# why do my processed chickens smell bad?



## longhorngal (Aug 4, 2005)

Week before last I took in 13 6 month old roosters and had them processed at a local USDA plant. I took them in on Friday and picked them up last Monday.
I've cooked 2 and both of them smelled awful. 1 I boiled with onions, carrots, salt, pepper-the other I baked. Usually I just bake my chickens with salt and pepper only at 475 and they come out perfect. It's not just my imagination my daughter came in from school and said EWW! what is that smell?
I didn't eat either but I can tell they are really tough-even the boiled one.
The toughness I was expecting-they were 6 months old black sex link roosters so not a broiler breed and I guess too old. This is my first attempt at raising my own and I'm disappointed they turned out so badly.
Could it have possibly been poor processing? Why would they smell so awful?


----------



## nduetime (Dec 15, 2005)

Even the toughest old bird i have ever stewed still smelled wonderful. I am wondering if they were cooled properly when processed?


----------



## longhorngal (Aug 4, 2005)

I'm wondering-I wouldn't think they would smell like that. I've emailed them but no reply yet. I guess I'm going to have to learn to do my own processing.


----------



## Grumpy old man (Aug 6, 2013)

Why not process them yourself and save the fuel and be happy with the outcome ? I'd be willing to bet you didn't get your birds back and they gave you old stock , Live and learn .


----------



## longhorngal (Aug 4, 2005)

I wondered how they would keep them straight as others were coming in with mine.


----------



## jwal10 (Jun 5, 2010)

Was it a large processing place. Do they smell like wet feathers or bad meat. Wonder if they were dipped in something. They should have been marked and kept together but you never know....James


----------



## Awnry Abe (Mar 21, 2012)

The toughness was likely because they went straight into the freezer. Can you be more specific about the stench? Was it a "chicken-gone-bad" smell from poor handling--ie. they let them get warm? (The usda inspection is only good if someone actually inspects).


----------



## longhorngal (Aug 4, 2005)

It's not a terribly big plant-they sell their own brand plus process for the public. They were not frozen when I got them so about 2 days just chilled.
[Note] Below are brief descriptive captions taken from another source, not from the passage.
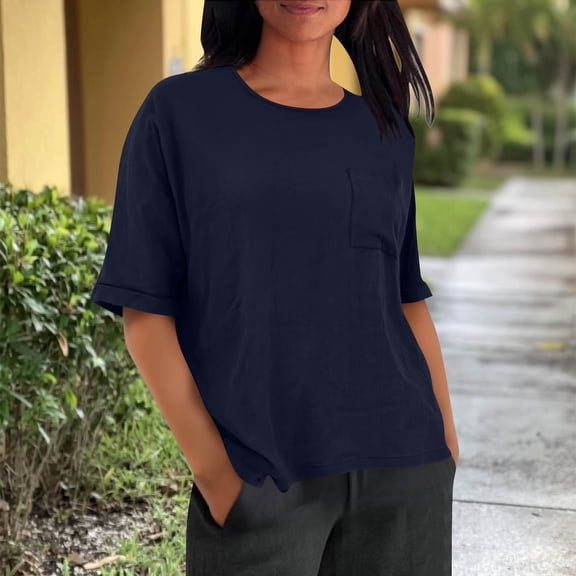 Vmvidoty Womens T Shirts Summer Tops Short Sleeve Crew Neck Casual Business Dressy Blouses Summer Clothes Fashion Outfits Tees Navy M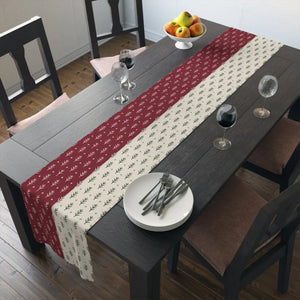 Rust & Cream Minimal Pine Table Runner — Rustic Holiday Dining Decor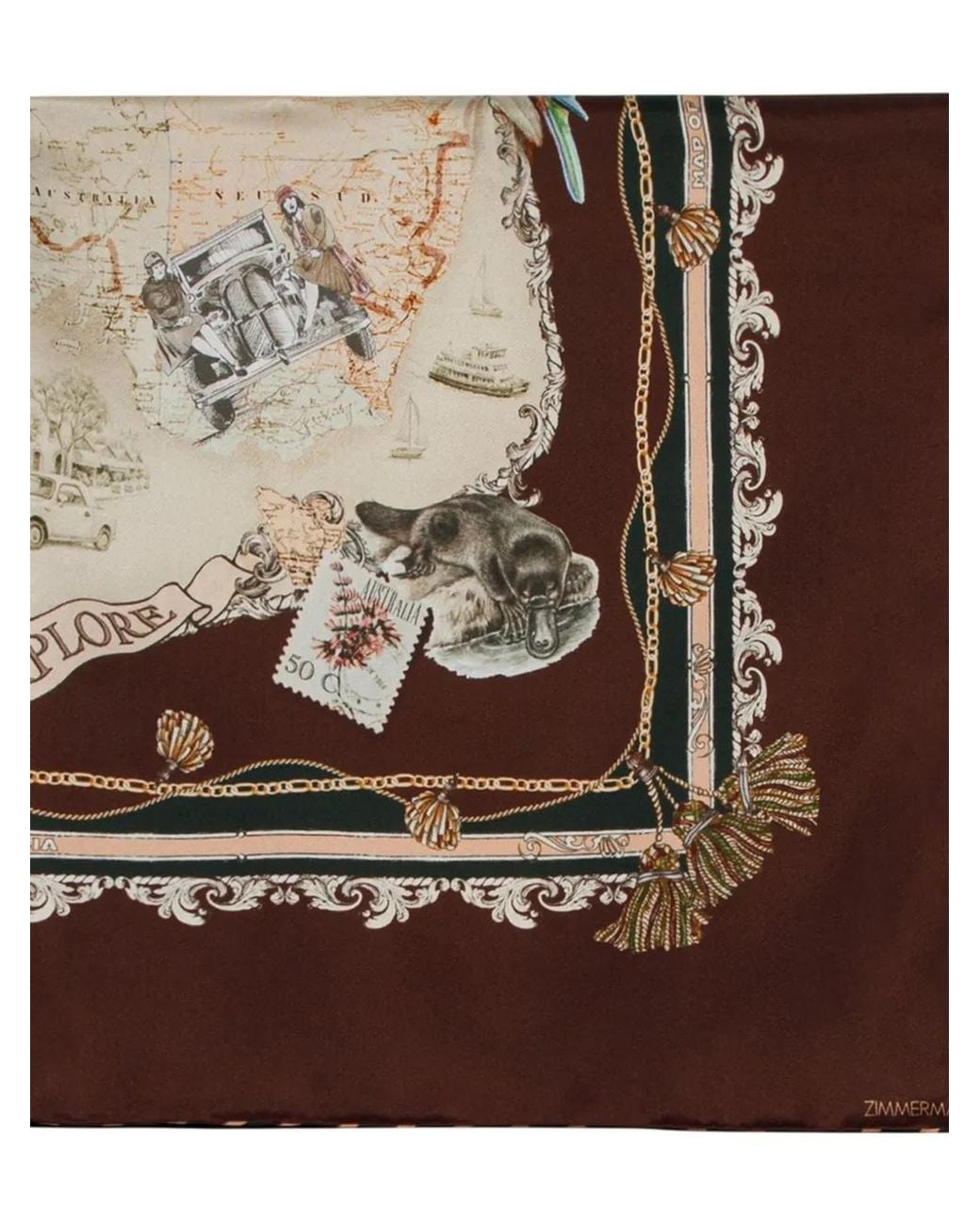Zimmermann Brown Printed Square Scarf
It's just a bad smell that gets worse with cooking.


----------



## BlackWillowFarm (Mar 24, 2008)

Could they have eaten something before they died that made the meat smell bad?


----------



## chickenista (Mar 24, 2007)

I think the processing plant let them start to spoil before you got them.
They either didn't rinse them well enough, used filthy water to rinse or something.
And then let them start to go bad.

It is a total shame and yes, you do need to learn to do your own.
If I were closer I would come and help/show you how.
And you don't have to do all of the birds at once.
We do 6 a week until they are all gone.
If we do 6 birds, it takes about an hour and we can just get on with our day.
I do truly hate a marathon butcher session. My back hurts, it takes the whole day etc..
so an hour a week isn't bad at all.


----------



## longhorngal (Aug 4, 2005)

Chickenista, I think so too. They just shouldn't smell this way. They haven't emailed me back either. I have known people to use them with no complaint and one guy at my farmer's market uses them for the ones he sells. The other thing, I got 3 of them that were cut up and I was charged more. I asked why were they cut up? He said if they come through missing a wing or something the USDA guy makes them do it.
Well, they had all thier wings when they got there!
Yes, I am going to learn how. I need to research it and like you say do a few at a time. I want to make sure I have the best tools for the job and get a good sense of it before I try it. We did butcher one turkey a few years ago, my husband and I but he gutted it. He says he won't help me with chickens so I need to learn to do it myself. But maybe he will change his mind.
No more processing plant for me!
BlackWillow (love that name) they were just free range on grassy pasture with a little feed in the evening so I wouldn't think that would give them a bad smell.


----------



## Hickoryrdg (Jul 17, 2013)

Longhorngal - where are you located? We live in Terlton, just curious if I know the processing plant...  
Also, we will be processing our own chickens (just a few) in the next month or so, you are welcome to come out!


----------



## 64102 (Sep 21, 2010)

We don't use processing plants any more. One year we brought 4 turkeys in ;1 was over 36 lbs before he went in. We never saw him again. But the guy before us was very happy... he didn't know he had such big turkeys:duel: until they came out the other end of the plant.:grumble:


----------



## VA Susan (Mar 2, 2010)

You could call the USDA and give them one of your birds to test. The plant should pay for the birds they ruined. If there's a bad smell they probably aren't safe to eat.


----------



## Mpgo4th (Oct 12, 2013)

They could have left the oil gland near the tail in the finished birds. Polyface farms has a processing video on youtube and Joel Salatin goes over taking this gland off. He says that it will ruin a cooking bird to leave it in. For your description I believe this is what has happened.


----------



## Pony (Jan 6, 2003)

We've forgotten to remove the preening gland, and the birds have been just fine.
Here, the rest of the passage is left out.